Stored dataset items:
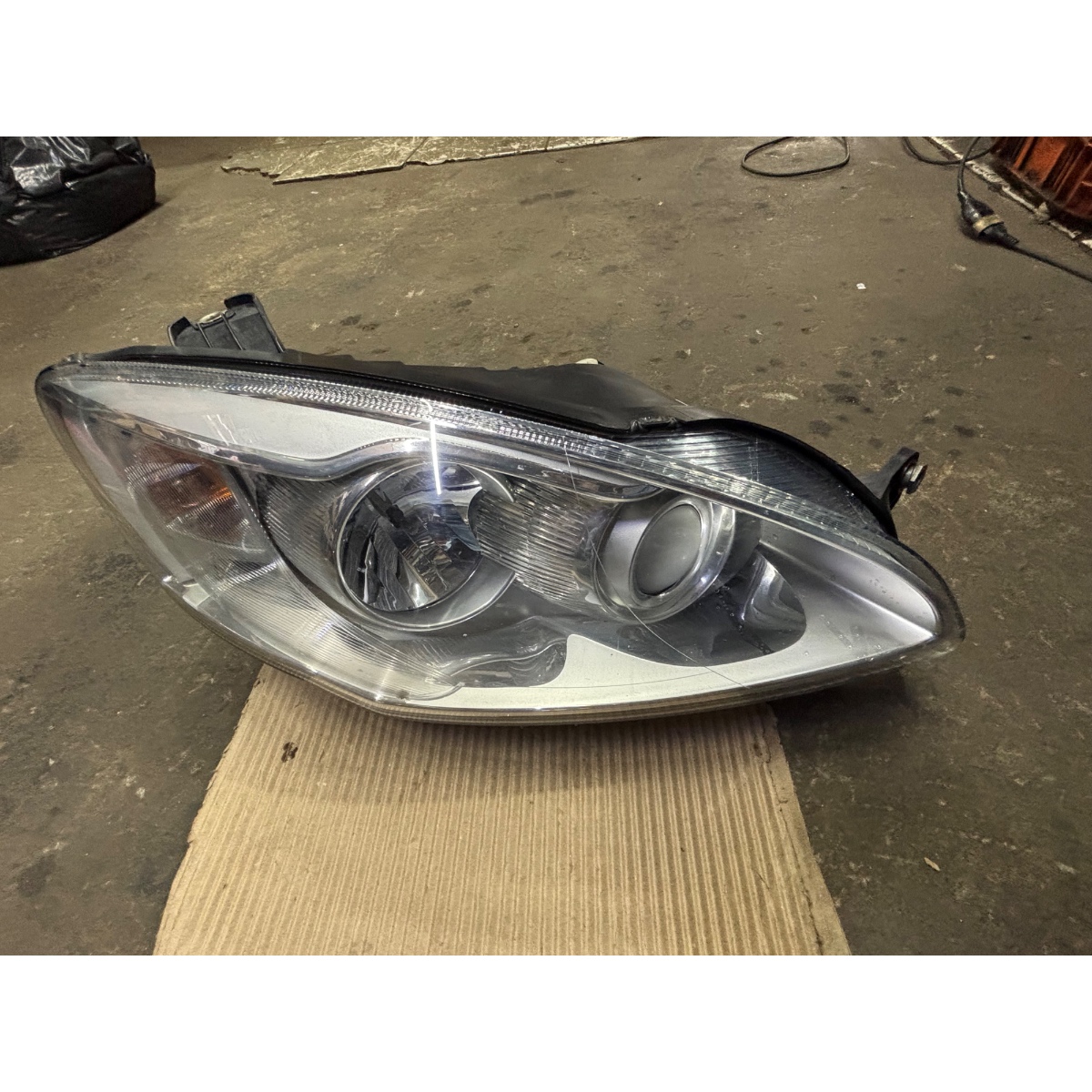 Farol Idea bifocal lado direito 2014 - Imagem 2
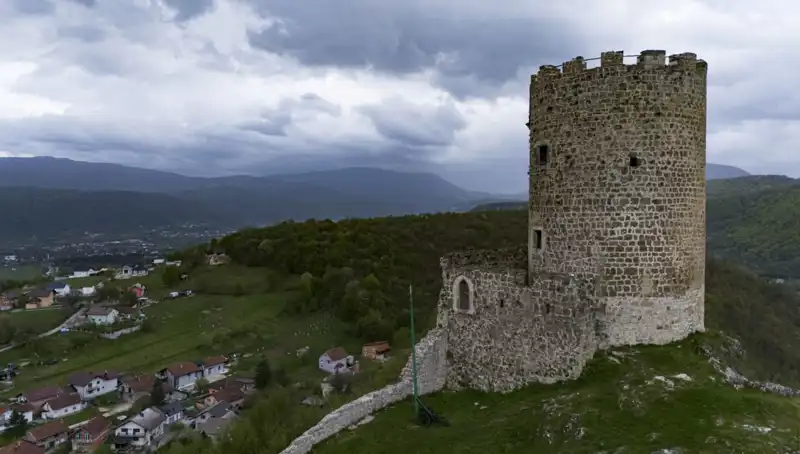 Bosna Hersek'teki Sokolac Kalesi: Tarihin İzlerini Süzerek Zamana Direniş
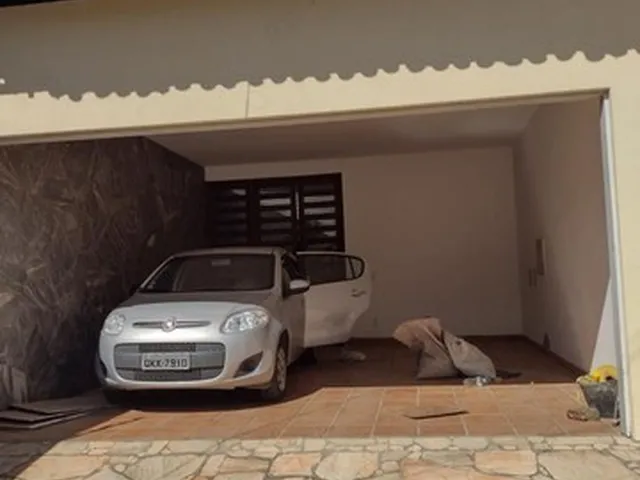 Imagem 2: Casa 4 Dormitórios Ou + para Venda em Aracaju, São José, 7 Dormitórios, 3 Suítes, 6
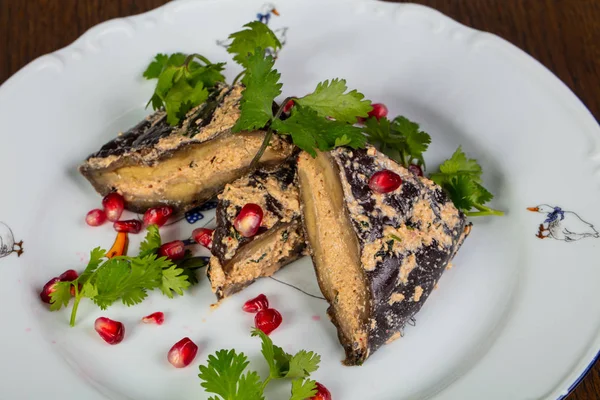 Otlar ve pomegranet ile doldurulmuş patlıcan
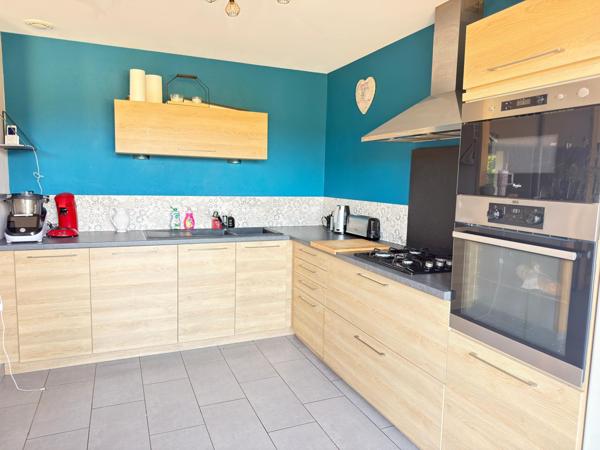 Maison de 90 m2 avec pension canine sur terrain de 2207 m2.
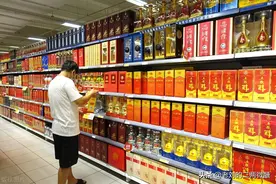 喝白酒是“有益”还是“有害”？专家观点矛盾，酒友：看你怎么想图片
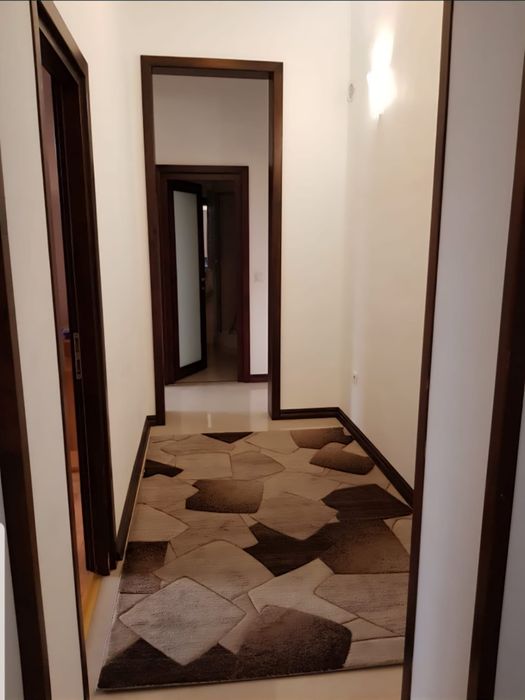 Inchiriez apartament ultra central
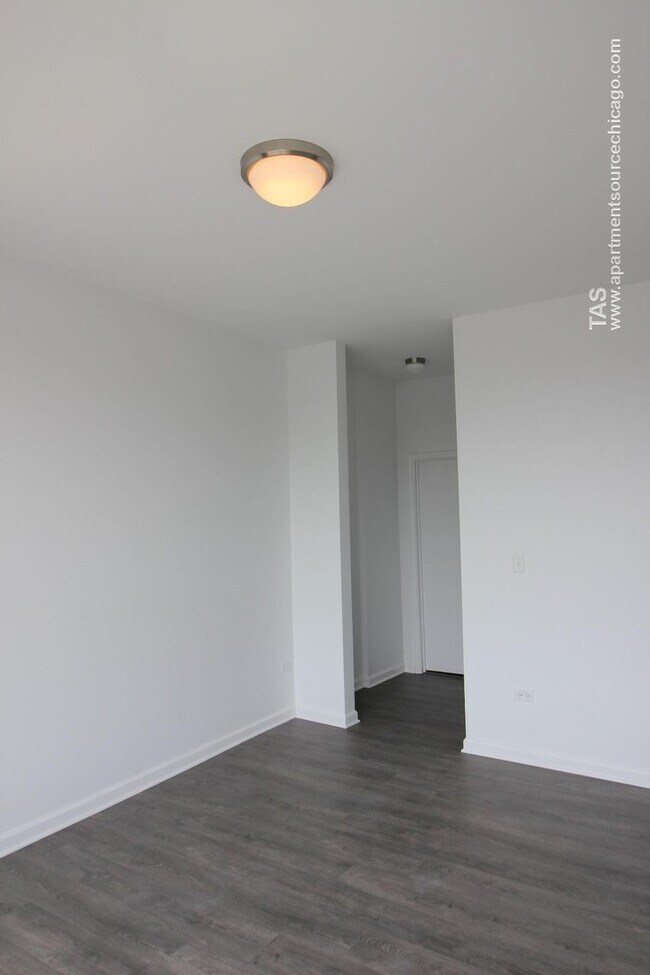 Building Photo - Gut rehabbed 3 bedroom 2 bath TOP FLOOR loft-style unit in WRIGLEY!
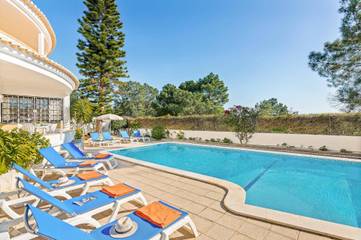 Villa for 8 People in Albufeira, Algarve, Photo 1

» Aim of the exercise
Starting at the line where "Imagem 2: Casa" appears, restate every line through the end of the records above exactly, but omit the pictures.

» Output for this exercise
 Imagem 2: Casa 4 Dormitórios Ou + para Venda em Aracaju, São José, 7 Dormitórios, 3 Suítes, 6
 Otlar ve pomegranet ile doldurulmuş patlıcan
 Maison de 90 m2 avec pension canine sur terrain de 2207 m2.
 喝白酒是“有益”还是“有害”？专家观点矛盾，酒友：看你怎么想图片
 Inchiriez apartament ultra central
 Building Photo - Gut rehabbed 3 bedroom 2 bath TOP FLOOR loft-style unit in WRIGLEY!
 Villa for 8 People in Albufeira, Algarve, Photo 1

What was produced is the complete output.